なるほどな。もう、ひと言も返す言葉がなかった。

認知症医療の第一人者である長谷川さん自身が「私は認知症です」と公表した。その勇気とともに、医師と患者、双方の立場から語る長谷川さんの経験談に、多くの患者さんやその家族が勇気づけられているのではないでしょうか。

長谷川さん: 認知症が「その人らしく生きていく」っていう、ひとつのきっかけになればね。みんながそういう対応してくれればね。さっきも言ったかもしれないけど、毎日の暮らしが上手くいかなくなるっていうのは、最終的な、本質的な障害なんだよね。それを理解してあげればね。「大丈夫ですよ」って言ってあげるだけでもホッとするだろうしさ。
申し上げたとおり「暮らしの障害」なんだからね、お互いに心の絆っていうのを大切にして生活する。そしてその心の絆っていうのは、一人一人がみんな違うんだから、一人一人が尊い存在であり、一人一人が大切な存在であることをよく自覚して、そして、今、今の瞬間。過去はもうよし。今を大切にして、今何を自分ができるかっていうことを努力して、そしてそれを明日につなげる。未来につなげる。そういうことが、大切じゃないか。そういう人を育てて行くってことが大切。

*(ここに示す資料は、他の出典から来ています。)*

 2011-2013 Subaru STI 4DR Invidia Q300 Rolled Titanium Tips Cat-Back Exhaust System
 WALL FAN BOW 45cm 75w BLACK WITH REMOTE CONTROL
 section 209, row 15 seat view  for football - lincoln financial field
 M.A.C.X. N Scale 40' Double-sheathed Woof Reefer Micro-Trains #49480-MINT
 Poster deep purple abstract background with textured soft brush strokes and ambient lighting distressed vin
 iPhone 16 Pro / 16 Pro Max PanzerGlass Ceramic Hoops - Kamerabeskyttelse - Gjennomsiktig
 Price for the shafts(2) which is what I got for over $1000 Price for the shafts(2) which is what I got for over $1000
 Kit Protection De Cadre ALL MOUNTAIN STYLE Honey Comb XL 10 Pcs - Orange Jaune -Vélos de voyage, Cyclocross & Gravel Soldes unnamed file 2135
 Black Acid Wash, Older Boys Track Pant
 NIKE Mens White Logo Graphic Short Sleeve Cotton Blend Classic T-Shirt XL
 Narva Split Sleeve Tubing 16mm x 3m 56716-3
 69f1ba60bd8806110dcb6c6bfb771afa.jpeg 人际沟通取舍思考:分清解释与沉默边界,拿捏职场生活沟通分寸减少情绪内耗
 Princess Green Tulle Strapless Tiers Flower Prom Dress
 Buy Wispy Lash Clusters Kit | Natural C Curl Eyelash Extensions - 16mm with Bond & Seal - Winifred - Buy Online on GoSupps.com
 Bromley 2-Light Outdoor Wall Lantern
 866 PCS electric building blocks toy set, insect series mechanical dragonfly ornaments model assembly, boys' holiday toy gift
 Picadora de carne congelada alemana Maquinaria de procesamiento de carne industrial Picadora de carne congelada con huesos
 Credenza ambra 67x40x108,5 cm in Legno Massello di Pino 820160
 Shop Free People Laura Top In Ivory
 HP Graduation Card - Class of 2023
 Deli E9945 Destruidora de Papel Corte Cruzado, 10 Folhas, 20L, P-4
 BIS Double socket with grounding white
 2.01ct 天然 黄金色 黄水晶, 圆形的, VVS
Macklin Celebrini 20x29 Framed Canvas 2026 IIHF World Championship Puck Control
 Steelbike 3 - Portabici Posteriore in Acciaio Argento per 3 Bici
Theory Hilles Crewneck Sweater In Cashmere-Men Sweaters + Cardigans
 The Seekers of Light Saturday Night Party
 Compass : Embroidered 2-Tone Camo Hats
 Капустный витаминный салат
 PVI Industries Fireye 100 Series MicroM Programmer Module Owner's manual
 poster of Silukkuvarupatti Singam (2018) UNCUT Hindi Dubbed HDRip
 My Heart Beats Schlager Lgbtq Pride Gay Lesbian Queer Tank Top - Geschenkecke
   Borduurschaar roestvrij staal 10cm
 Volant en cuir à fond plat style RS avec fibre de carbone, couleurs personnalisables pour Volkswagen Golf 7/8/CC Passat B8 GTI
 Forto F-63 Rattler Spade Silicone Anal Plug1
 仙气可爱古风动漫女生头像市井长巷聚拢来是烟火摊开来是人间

――さきほどご自身で、少しでもまだ社会のために役立ちたいとお話しされていましたけど、そういうお気持ちでこれからもいろいろなさっていきますか。

長谷川さん: そう。そのつもりでいます。どんなことがあるか分からないかもしれないけど、出きるうちはね、そういう貢献をさせていただきたい。そのことが、良く死ぬことだと。良く生きることは、良く死ぬことだと、そう思う。